Down regulation of miR-33a is involved in gemcitabine chemoresistance in human pancreatic cancer
10.3969/j.issn.1007-3969.2015.02.002
- VernacularTitle:低表达miR-33a诱导胰腺癌细胞对吉西他滨的耐药
- Author:
Chen LIANG
;
Zhen WANG
;
Yingyi LI
- Publication Type:Journal Article
- Keywords:
miR-33a;
Pancreatic cancer;
Gemcitabine chemoresistance
- From:
China Oncology
2015;(2):87-94
- CountryChina
- Language:Chinese
-
Abstract:
Background and purpose:Pancreatic cancer is one of the most deadly human malignant neoplasms.
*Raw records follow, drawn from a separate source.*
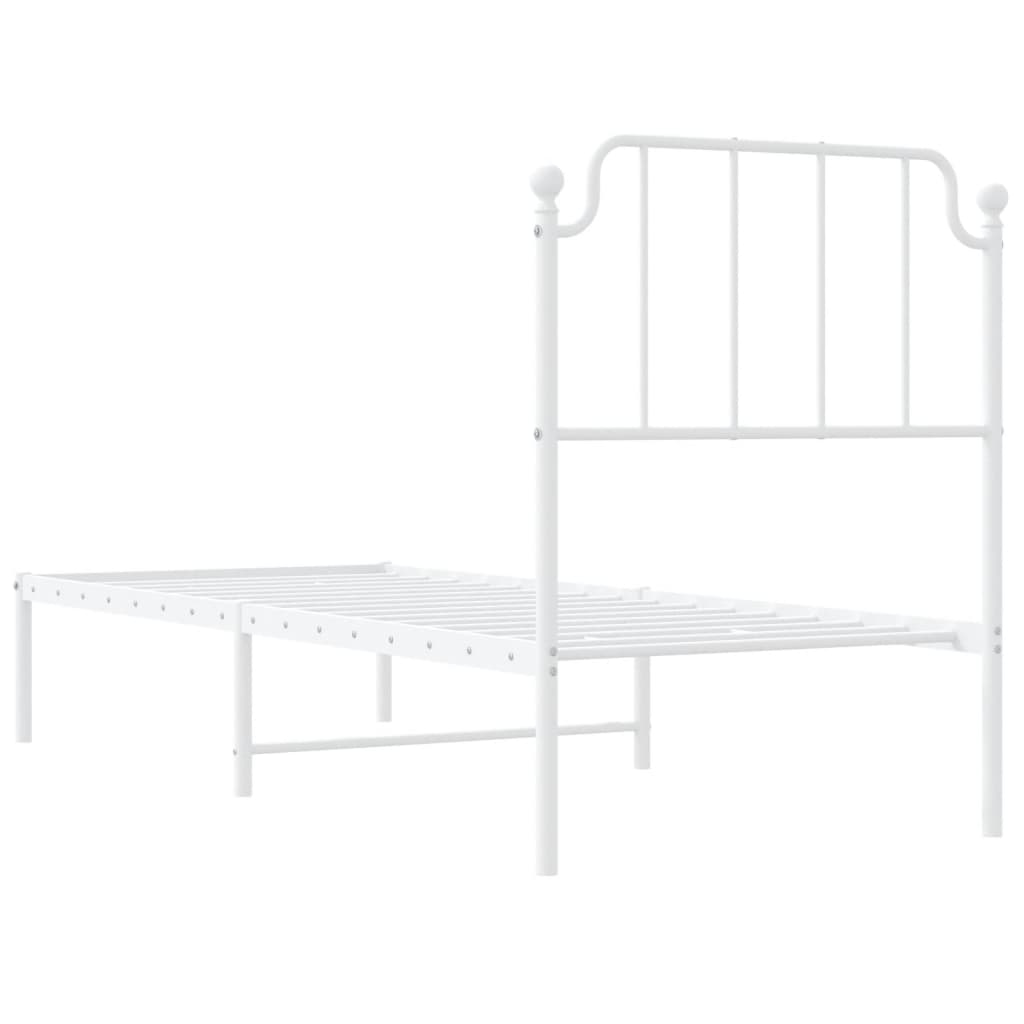 Metal Bed Frame without Mattress with Headboard White 80x200cm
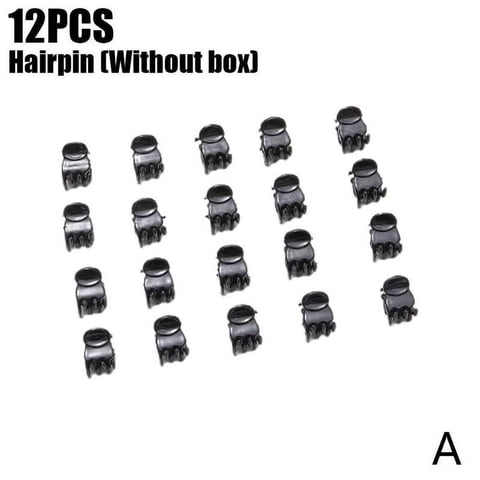 12pcs Sets Girls Womens Mini Clamp Small Black Plastic Hair Clip Hair Claw Lot NEW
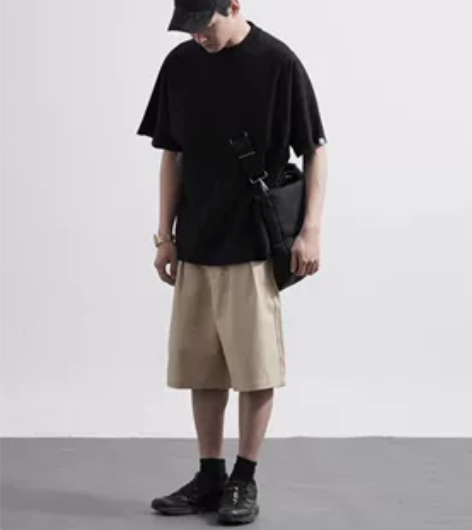 日系宽松男cityboy宽松休闲运动工装短...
Resistance to chemotherapeutic drugs is a major reason responsible for poor prognosis in the treatment of pancreatic cancer patients. MicroRNA (miRNA, miR) is a family of small non-coding RNA molecules, dysregulated miRNA is associated with various tumor biological function. miR-33a has been widely reported as a metabolism-related miRNA, while its relationship with drug resistance has little understand. This study was focused on the effect of miR-33a on gemcitabine chemoresistance in pancreatic cancer to bring the novel theoretical basis to chemotherapy for pancreatic cancer.Methods:In situ hybridization and Real-time PCR were used to analyze the miR-33a expressions in pancreatic cancer tissue sample and cell lines, respectively. Cell counting kit 8 (CCK-8) assay was used to calculate the IC50 value of different pancreatic cancer cells.Results:miR-33a was down-regulated in pancreatic cancer tissue and cell lines compared with para-cancerous tissues and normal HEK293T cells. Moreover, miR-33a over expression not only could enhance the chemosensitivity to gemcitabine in pancreatic cancer cells, but also rescue the gemcitabine resistance in pancreatic cancer cells.Conclusion:Down regulation of miR-33a in pancreatic cancer decreases the chemosensitivity to gemcitabine, resulting in development of acquired gemcitabine chemoresistance. It provides the theoretical basis to develop a new molecular targeted drug to combine with chemotherapy for pancreatic cancer.